„Landschaftspflege und Naturschutz machen nicht an künstlichen Gemeindegrenzen halt. Die Landesregierung setzt daher auf eine nachhaltige Regionalentwicklung über Gemeinde- und Kreisgrenzen hinweg. Um die Akteurinnen und Akteure vor Ort besser zu vernetzen und bei der Umsetzung ihrer Ideen und Konzepte stärker zu unterstützen, stellen wir den Gemeinden beim Modellprojekt ‚Blühende Badische Bergstraße’ erstmals ein Regionalmanagement als zentrale Anlaufstelle zur Seite“, kündigte der Amtschef im Ministerium für Ländlichen Raum und Verbraucherschutz, Ministerialdirektor Wolfgang Reimer, anlässlich der Vorstellung des Modellprojekts „Blühende Badische Bergstraße“ am Donnerstag, 13. Juni 2013, in Weinheim an. Die Städte Hemsbach, Schriesheim und Weinheim sowie die Gemeinden Dossenheim, Hirschberg und Laudenbach haben sich in diesem Projekt zusammengeschlossen, um gemeinsame Maßnahmen zur Erhaltung der historisch geprägten Landschaft wie beispielsweise gemeinsame Pflegekonzepte und -aktionen umzusetzen.

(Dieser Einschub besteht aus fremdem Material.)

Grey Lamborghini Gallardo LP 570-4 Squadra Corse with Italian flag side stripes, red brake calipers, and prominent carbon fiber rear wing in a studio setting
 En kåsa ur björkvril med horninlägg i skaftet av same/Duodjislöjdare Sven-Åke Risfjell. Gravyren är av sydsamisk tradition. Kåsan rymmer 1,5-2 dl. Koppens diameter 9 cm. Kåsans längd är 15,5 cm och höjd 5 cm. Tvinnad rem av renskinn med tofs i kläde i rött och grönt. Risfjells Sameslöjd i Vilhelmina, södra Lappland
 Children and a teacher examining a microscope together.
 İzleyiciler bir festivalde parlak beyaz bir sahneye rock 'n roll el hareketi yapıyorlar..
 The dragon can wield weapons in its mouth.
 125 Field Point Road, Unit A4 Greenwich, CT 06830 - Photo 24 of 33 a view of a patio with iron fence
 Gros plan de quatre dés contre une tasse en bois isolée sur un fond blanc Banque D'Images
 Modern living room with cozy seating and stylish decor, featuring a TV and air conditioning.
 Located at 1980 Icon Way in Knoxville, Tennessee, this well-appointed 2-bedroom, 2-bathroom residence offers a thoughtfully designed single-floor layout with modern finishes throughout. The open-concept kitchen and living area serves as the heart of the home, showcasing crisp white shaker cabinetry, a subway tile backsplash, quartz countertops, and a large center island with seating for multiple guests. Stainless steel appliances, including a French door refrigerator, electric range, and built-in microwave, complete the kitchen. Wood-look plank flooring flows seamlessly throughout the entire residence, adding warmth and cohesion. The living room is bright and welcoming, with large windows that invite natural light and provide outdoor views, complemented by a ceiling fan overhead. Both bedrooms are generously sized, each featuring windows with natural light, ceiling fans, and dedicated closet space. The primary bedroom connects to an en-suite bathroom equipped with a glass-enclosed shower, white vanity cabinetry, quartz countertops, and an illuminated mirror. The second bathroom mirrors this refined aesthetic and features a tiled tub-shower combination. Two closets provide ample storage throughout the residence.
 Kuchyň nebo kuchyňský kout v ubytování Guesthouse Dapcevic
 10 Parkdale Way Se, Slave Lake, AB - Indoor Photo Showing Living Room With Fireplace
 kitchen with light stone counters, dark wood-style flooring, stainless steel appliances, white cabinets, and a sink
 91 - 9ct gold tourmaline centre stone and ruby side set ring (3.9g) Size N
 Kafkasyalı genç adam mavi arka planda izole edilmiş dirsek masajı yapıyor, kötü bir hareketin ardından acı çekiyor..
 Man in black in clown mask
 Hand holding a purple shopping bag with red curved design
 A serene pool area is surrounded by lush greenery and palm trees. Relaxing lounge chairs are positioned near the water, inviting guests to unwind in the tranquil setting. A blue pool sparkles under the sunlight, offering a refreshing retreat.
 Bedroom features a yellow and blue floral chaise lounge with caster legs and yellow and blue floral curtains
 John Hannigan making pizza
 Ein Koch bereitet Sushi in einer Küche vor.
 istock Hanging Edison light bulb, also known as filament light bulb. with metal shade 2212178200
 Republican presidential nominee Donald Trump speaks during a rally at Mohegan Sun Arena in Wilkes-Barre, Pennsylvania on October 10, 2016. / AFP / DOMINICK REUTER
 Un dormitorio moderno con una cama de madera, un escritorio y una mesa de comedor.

Mit dem Integrierten Ländlichen Entwicklungskonzept (ILEK) an der Badischen Bergstraße hätten die sechs Gemeinden zuvor einen wichtigen Grundstein für eine interkommunale Zusammenarbeit gelegt, sagte Reimer weiter. Um die Umsetzung des Konzepts weiter voranzutreiben, solle ein vom Land geförderter Regionalmanager bzw. eine Regionalmanagerin als Schnittstelle zwischen den Akteuren wirken. Dafür stelle das Land in den kommenden fünf Jahren entsprechende Mittel zur Verfügung. „Ihr Projekt hat einen hohen gesellschaftlichen Nutzen: Von einer blühenden Bergstraße sollen Bürgerschaft, Kommunen, Natur, Tourismus, Landwirtschaft und die Winzerinnen und Winzer gleichermaßen profitieren. Mit der Umsetzungsbegleitung wollen wir an der Bergstraße erste Erfahrungen sammeln“, so Reimer.

BUND: „Interessen von Mensch und Natur miteinander verbinden“

Zustimmung zu dem Pilotprojekt kommt auch vom Bund für Umwelt und Naturschutz Deutschland e.V. (BUND). Tobias Staufenberg, Geschäftsführer des BUND-Regionalverband Rhein-Neckar-Odenwald, erläutert: „Hier bietet sich eine große Chance, die Interessen von Mensch und Natur miteinander zu verbinden und diesen einzigartigen Naturraum zu schützen. Wir haben das Projekt von Anfang an aktiv begleitet und freuen uns daher sehr über die Ankündigung. Angesichts vieler ökologischer Defizite entlang der Bergstraße muss die Stelle nun zügig besetzt werden.“

Hintergrund-Infos „ILEK“

Die Förderung des interkommunalen Maßnahmenkonzepts „Blühende Badische Bergstraße“ erfolgte über das Integrierte Ländliche Entwicklungskonzept (ILEK). Die Stärke dieses Konzeptes liegt darin, dass sich Bürger, Vereine und Verbände maßgeblich in die Gestaltung ihrer Region einbringen, um die Innovations- und Wirtschaftskraft zu stärken, die interkommunale Zusammenarbeit zu fördern und das magische Dreieck aus Naturschutz, Landwirtschaft und Tourismus weiterzuentwickeln. Damit ist ILEK ein wichtiger Bestandteil der Regionalentwicklungsstrategie des Landes.

Am ILEK-Modellprojekt „Blühende Badische Bergstraße“ sind die Städte Hemsbach, Schriesheim und Weinheim sowie die Gemeinden Dossenheim, Hirschberg a.d. Bergstraße und Laudenbach beteiligt. Für sie analysierte das ILEK vor allem interkommunale Entwicklungschancen im Wirkungsfeld von Naturschutz, Landwirtschaft / Weinbau und Tourismus. Daraus wurde schließlich ein konkreter Maßnahmenplan für künftige Entwicklungen erstellt. In drei Arbeitskreisen waren die Bürger aufgefordert, sich aktiv in diesen integralen Gestaltungsprozess mit einzubringen. Die Bürgermeister der sechs beteiligten Städte und Gemeinden stellten Ministerialdirektor Reimer nun die wesentlichen Eckpunkte des erarbeiteten Konzepts vor.